- Born: Agbagli Kossi 1935 Bè, Lomé, Togo
- Died: 1991 (aged 55–56)
- Known for: Vodun figures; Venavi statuettes
- Movement: West African Vodun art

= Agbagli Kossi =

Togolese sculptor (1935–1991)

Agbagli Kossi (1935–1991) was a Togolese sculptor, whose work was representative of the West African Vodun art tradition.

== Background ==
He was born in Bè, a district of Lomé, and became an eminent figure among the vodou circles of Togo. He was particularly noted for his little wooden voodoo figures, painted mostly with pink lacquer, and occasionally white. He produced many examples of statuettes of twins, and children with their mothers, known as venavi.

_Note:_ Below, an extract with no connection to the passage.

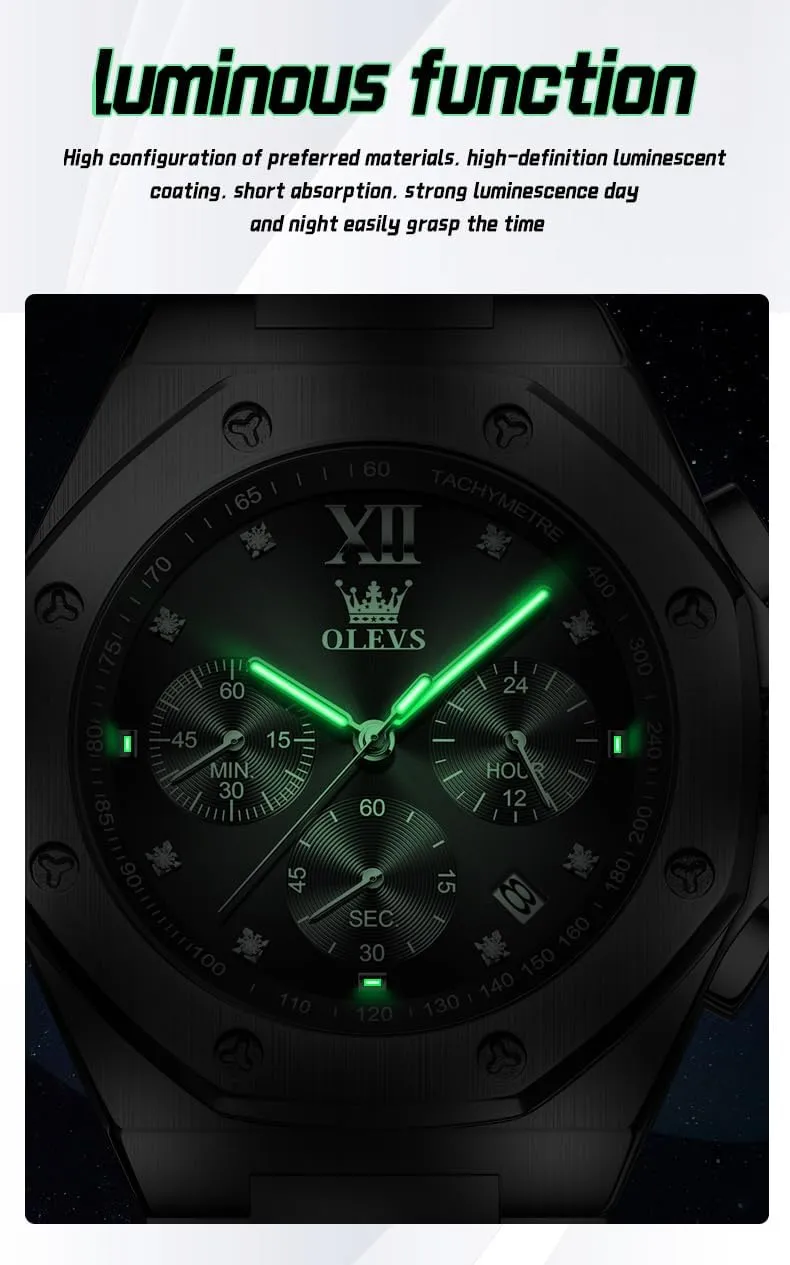 OLEVS Watches for Men Stainless Steel Business Dress Large Easy to Read Analog Watch Waterproof Luminous Casual Luxury Men Watch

Kossi exhibited at the Magiciens de la terre exhibition at the Centre Georges Pompidou in Paris in 1989 and in 1991 his work was shown at an exhibition in Centro Atlántico de Arte Moderno, in Las Palmas de Gran Canaria, Spain. In 2008, his work appeared at the Mami Wata: Arts for Water Spirits in Africa and Its Diasporas showcasing at the Fowler Museum of UCLA in Los Angeles. Today, his work is represented in The Contemporary African Art Collection (CAAC).